There’s no universal interval, but once per shift is a reasonable starting point for high-volume production. The actual frequency should be driven by how fast your application system drifts. Roller-applied lubricants tend to drift faster than spray systems because of roller wear and contamination buildup. If you’re seeing unexplained burr-height variation or intermittent die galling between maintenance intervals, inadequate or inconsistent lubricant film is one of the first things to investigate.
Higher press speeds generally increase the thermal load at the punch-die interface and reduce the time available for lubricant to redistribute between strokes. Both effects push toward needing a more robust lubricant film or a lubricant with better high-temperature stability. But the relationship isn’t strictly linear — die geometry, clearance, material grade, and strip thickness all interact with speed to determine how much lubrication is actually needed. Increasing lubricant application rate to match a speed increase is a common reaction, but it’s a crude one. The better approach is to understand where in the die the lubrication is actually marginal and address that zone specifically.

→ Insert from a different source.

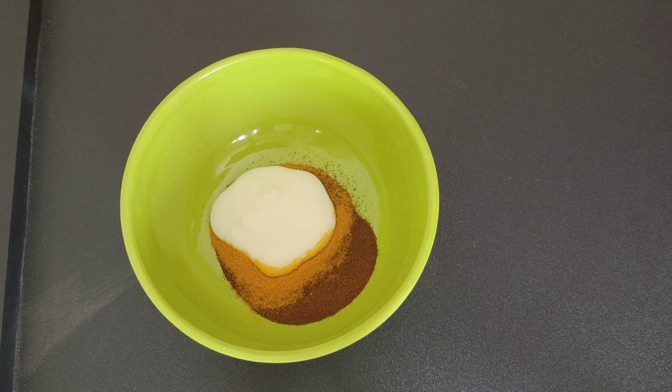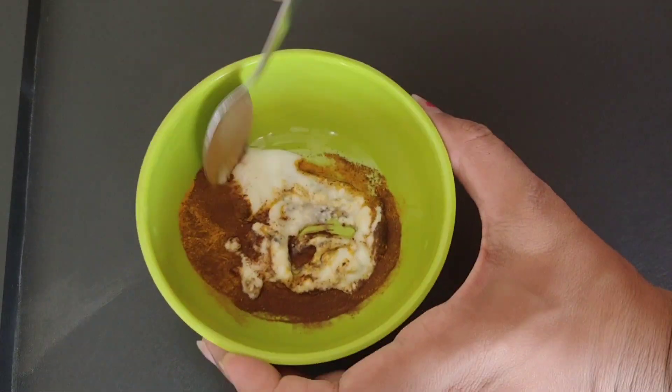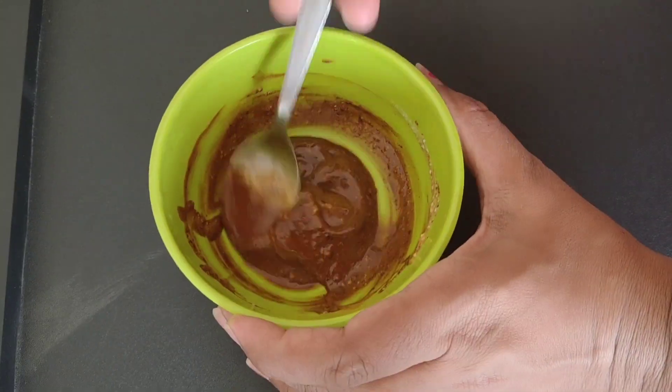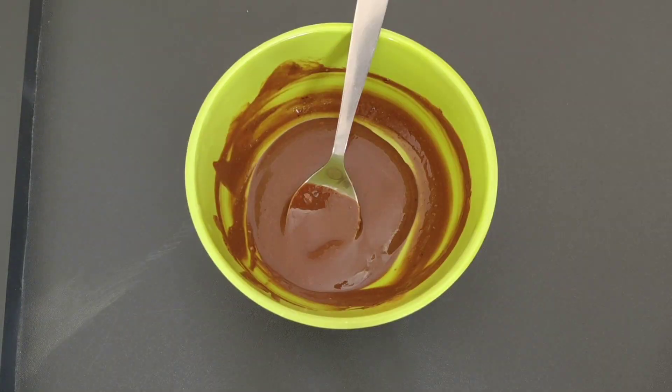We are going to mix the ingredients to a consistent mix. We are going to do 3 tablespoons and mix this a small bit. We are going to mix in 3 tablespoons of water to make the skin polishing face mask.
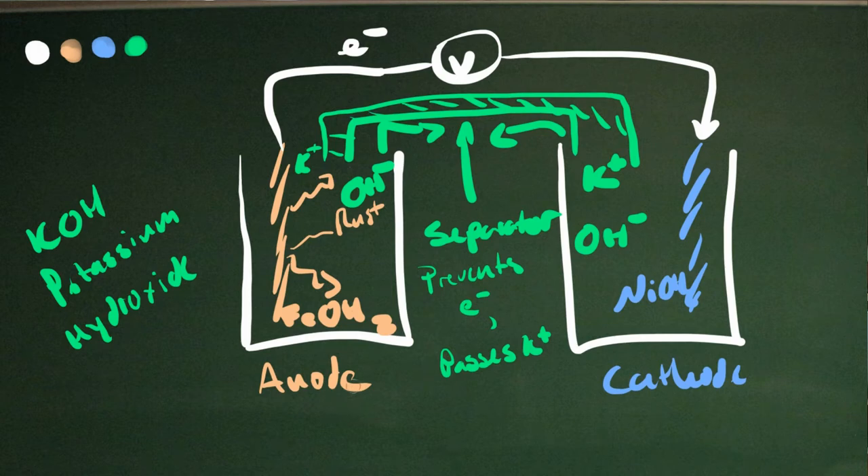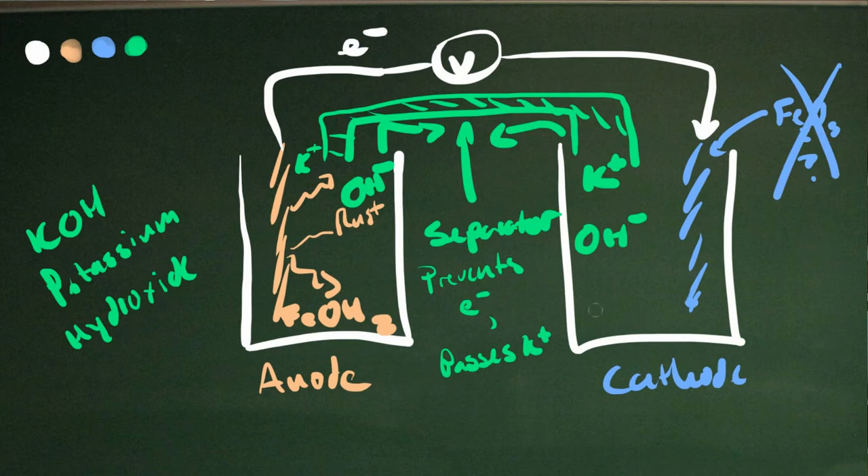Potassium can move through that fluid very quickly, so you can get charge balance without the electrons cheating and going through the separator. I don't want to go to a saturated potassium hydroxide for two reasons: one, potassium hydroxide is caustic and you don't want it on you, and two, I don't want my iron to precipitate out. I discovered months ago that precipitated iron oxide just will not accept electrons. We need to keep our iron soluble, which leads us to the iron battery design that I settled on.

Outright electrical failure from lubricant residue alone is rare. What’s more common is a measurable degradation in interlaminar resistance — the ability of the lamination stack to resist eddy-current flow between individual sheets. If residue partially compromises the insulation coating or creates conductive carbonized deposits during annealing, the stack’s effective resistance drops. This won’t cause a short circuit in most cases, but it will increase eddy-current losses, reduce efficiency, and in some operating conditions contribute to localized heating that shortens insulation system life over time. The damage is chronic, not acute.